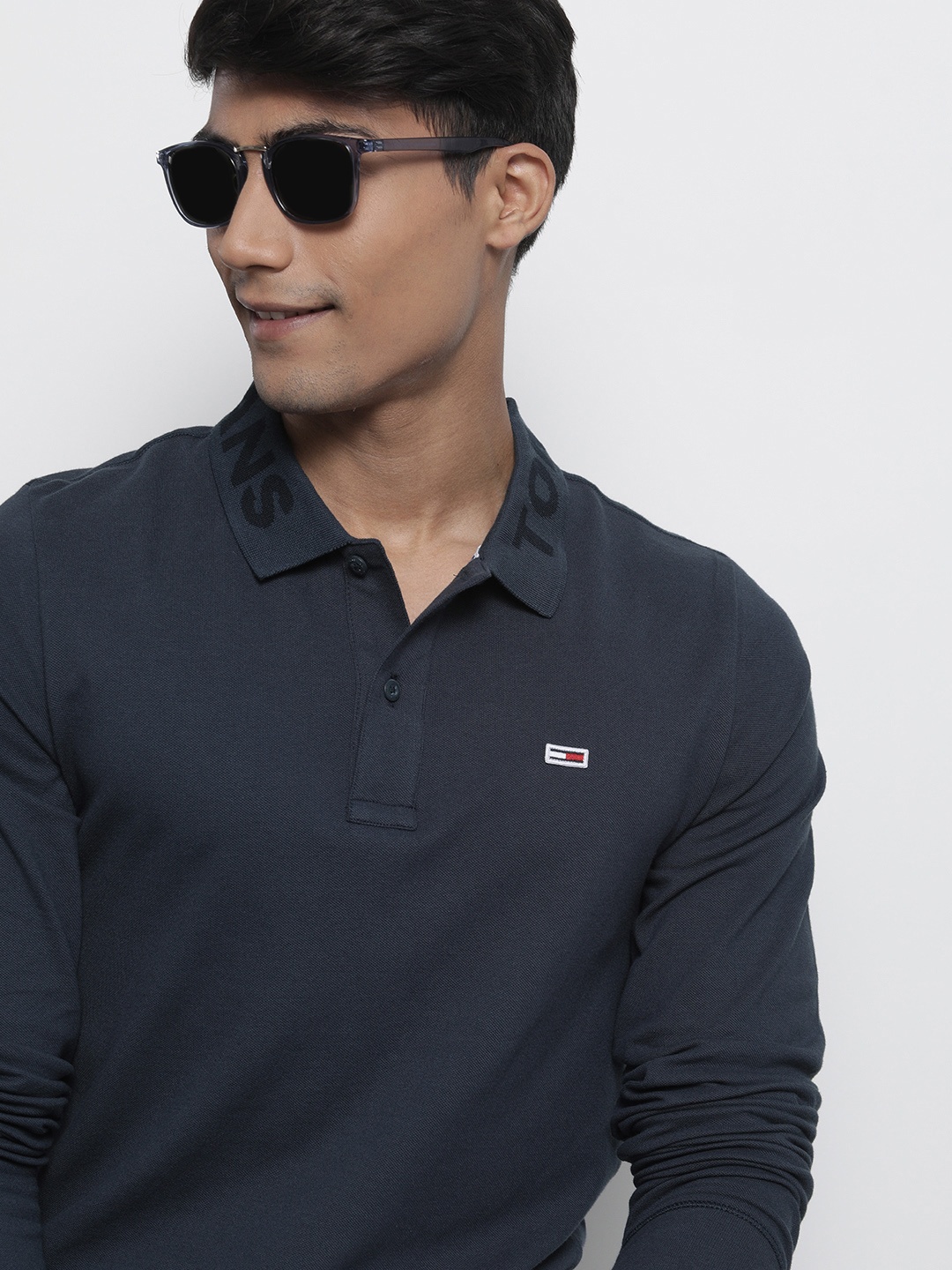 

Tommy Hilfiger Men Navy Blue Solid Polo Collar T-shirt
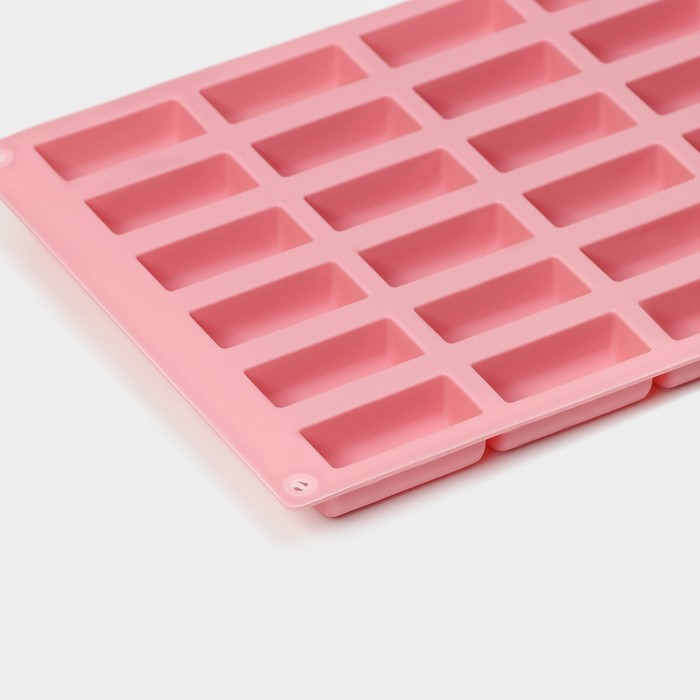 Форма силиконовая для шоколада Доляна «Батончик», 28×17,5×2 см, 30 ячеек (4,3×1,7см), цвет розовый
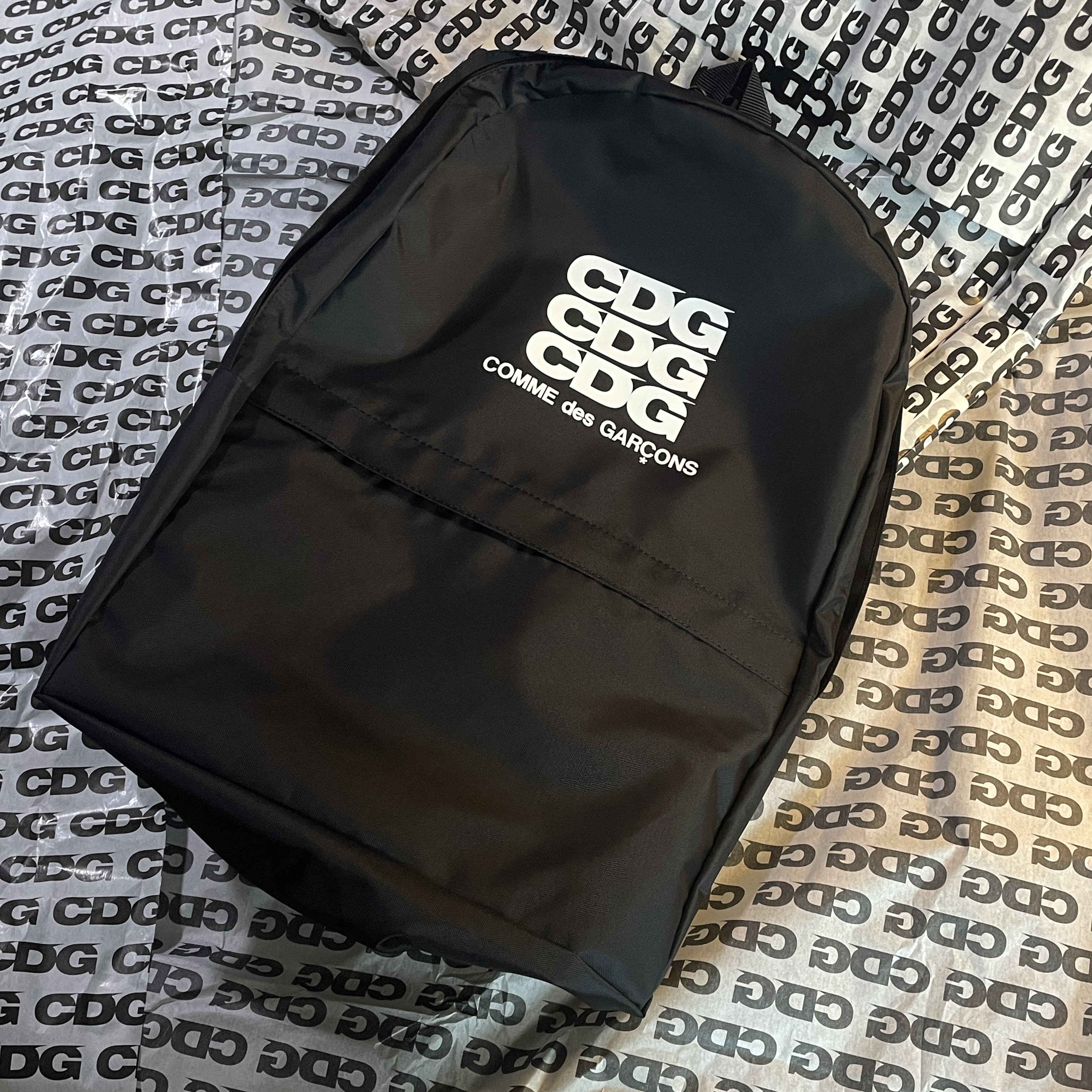 CDG Backpack Black 착용 스타일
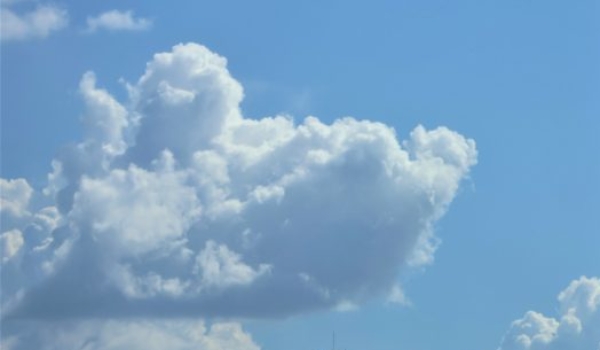 Terça-feira de tempo seco e quente com nebulosidade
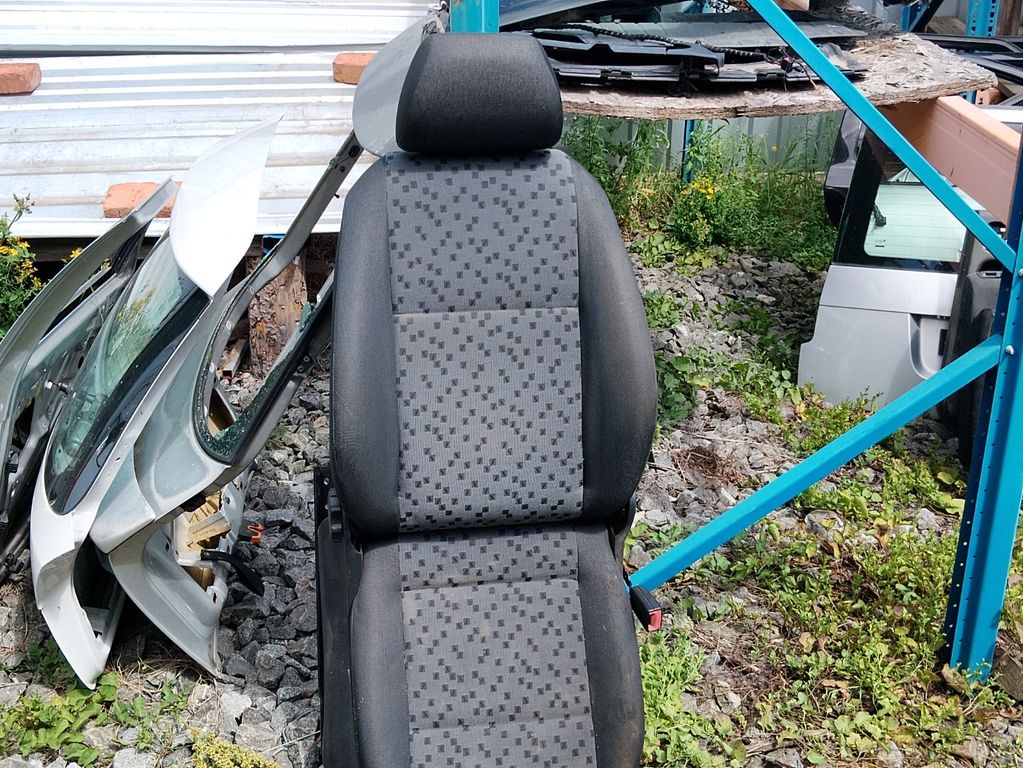 Škoda Fabia II Roomster pravá přední sedačka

§

■ What the task requires: Please give the records again word for word, omitting all images.

■ Answer space:
Tommy Hilfiger Men Navy Blue Solid Polo Collar T-shirt
 Форма силиконовая для шоколада Доляна «Батончик», 28×17,5×2 см, 30 ячеек (4,3×1,7см), цвет розовый
 CDG Backpack Black 착용 스타일
 Terça-feira de tempo seco e quente com nebulosidade
 Škoda Fabia II Roomster pravá přední sedačka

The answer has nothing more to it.